Despite these difficulties, Mr Fuller devoted his energies to rebuilding the fortunes of the school with huge success.

He introduced the House system, the prefect system, published the first edition of a new school magazine, "the Dane", set up a science society, a swimming club, a chess club, a boxing club and a debating society whose first debate was on women's suffrage. A school library was established for the first time with just 45 members and 80 books. Football and cricket developed from very small beginnings, the new House system encouraging participation. All matches were played seven or eight miles away on a field belonging to the Holborn Estate Almshouses in Tooting which were only available on a Saturday. The first athletics meeting was held in 1908 when Alderman Emden, also a Governor, presented the very first school trophy.

The first hugely successful concert was performed for parents and friends on 8th April 1910 - it was hoped that it would become an annual event.
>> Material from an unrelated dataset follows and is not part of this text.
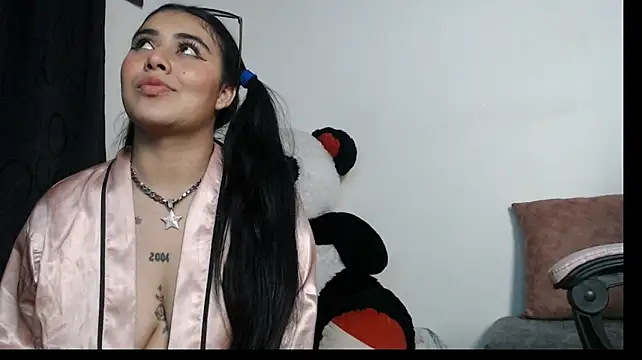 sophiadaza666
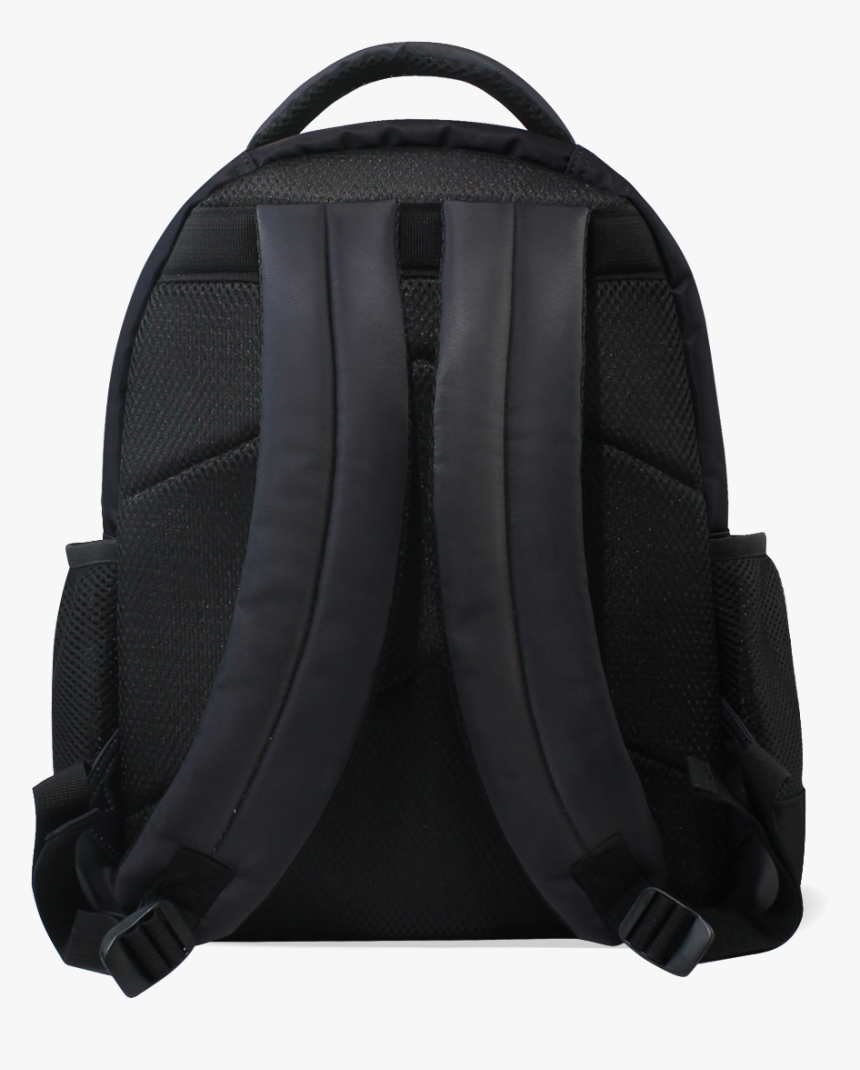 Transparent Baby Sloth Png - Laptop Bag, Png Download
School hours were changed to 9.15 until 12.40 and 1.30 until 3.30 with the hour until 4.30 left free for "tea parties" as detentions were then called.

The school's academic reputation grew and the jubilee year of 1912 saw three candidates entered for the Senior School examination for the first time. All passed with distinction.
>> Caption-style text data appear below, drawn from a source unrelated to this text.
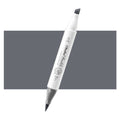 Ohuhu Honolulu NG06 / GG16 Individual Marker, Brush & Chisel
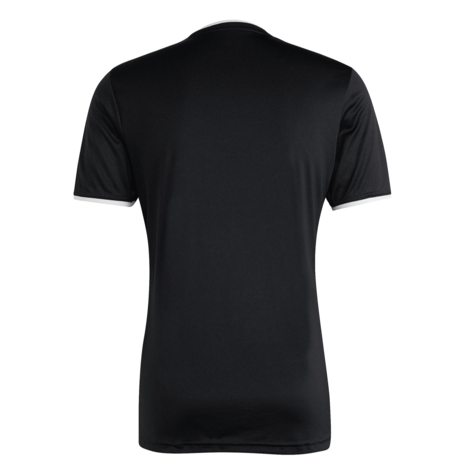 Adidas shirts bedrukken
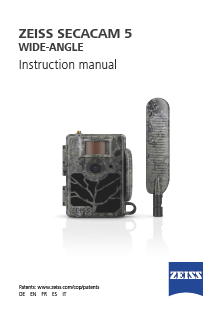 Vista previa de imagen de Instrucciones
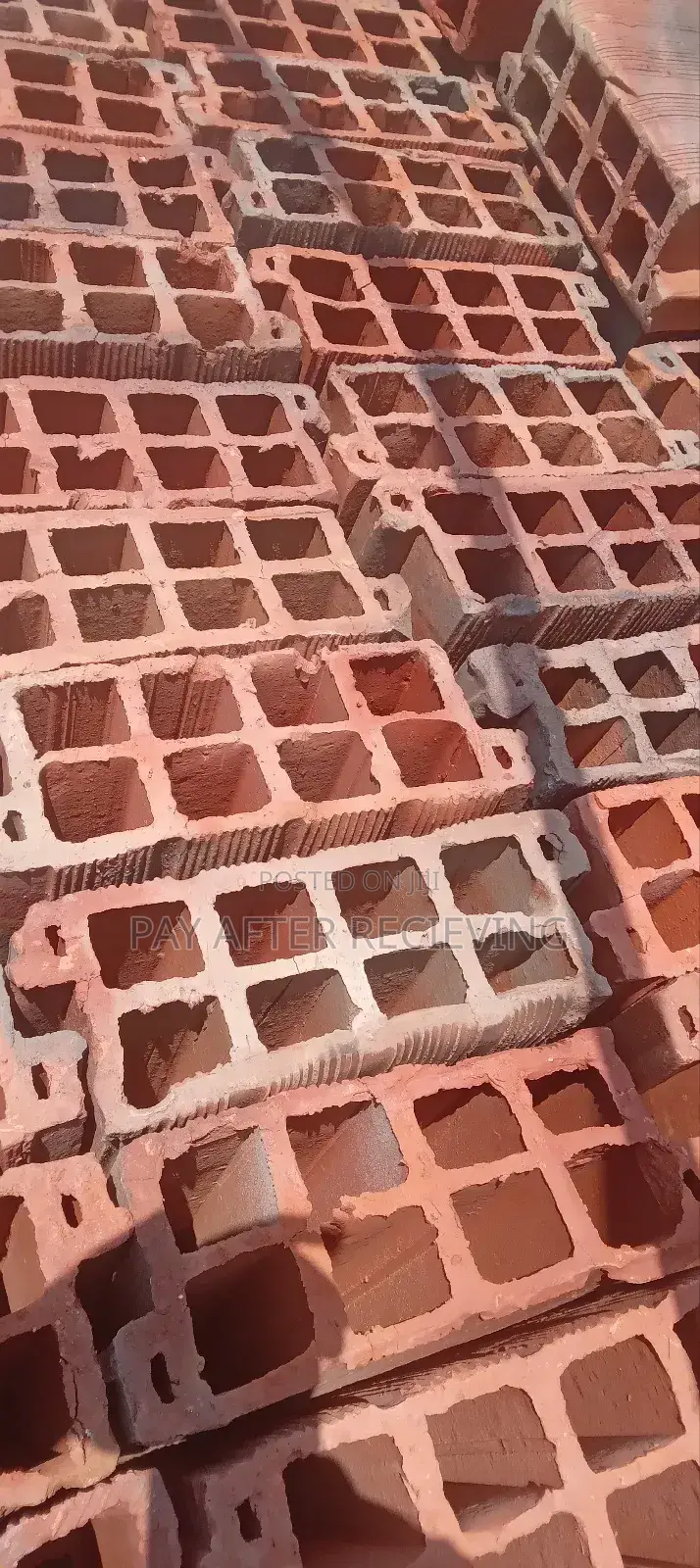 Max Pan Slabbing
In the autumn of 1908 the school numbers increased when the preparatory department was transferred from the girls' school bringing in 30 children aged 4-11 , both boys and girls, for their first education before going into the junior forms. They were taught by one mistress in the basement of the school and ,because of the arrangements, many of the boys remained in the school for long periods. The record was set by R F Blackwell whose school career lasted from 1923 until 1937.

Memories from the period:

From The Dane of December 1908

A notable change for the better has come over our School Clubs and Societies. This has been brought about by the establishment of a composition-subscription of one shilling a term - not by any means an excessive sum when it is remembered that this includes the Football (or Cricket) club, The Dane, the library and the science society. Out of the 143 boys in the school, only a couple of dozen have not subscribed - and these are sure to do so next term for "Loyaute m'oblige"
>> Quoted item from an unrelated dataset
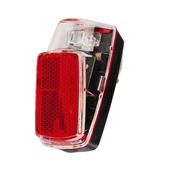 GAMMA | Fietsverlichting kopen?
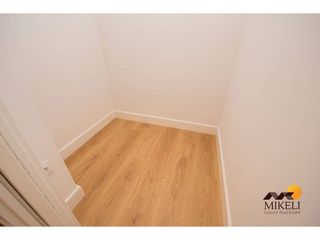 Piso en alquiler en Puerto Chico en Santander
From The Dane of April 1910

We are looking forward to a School Concert on the last day of this term - the first instance of this kind, we believe, in our history. While these pages have been passing through the press, rehearsals, both musical and dramatic have been going forward. We sincerely hope that the occasion will be such a success as to warrant a School Concert being an annual feature.

In 1912 the school celebrated its 50th year:

The present issue of the magazine makes its appearance at a time of considerable importance in our academic life: for we are doing honour to the fiftieth birthday of the School and the old routine of labour is broken by the buzz of festive celebration. We note with much pleasure that it is not left entirely to us of the present to mark this jubilee. The Old Danes have arranged an Old Boys dinner in honour of their alma mater - strong testimony to the esteem in which the School is held by those who have gone from it into the world.

The most impressive of the celebrations was the service at St Clement Danes Church. Pupils from the Boys' School and the Girls School were present, together with members of staff and friends interested in the School. There was also a Tea and Concert for the boys and girls. Mr Powell, one of the Governors, provided entertainment in the form of The Danes Quartette and the conjuring skills of Mr Chris Hilton were greatly appreciated.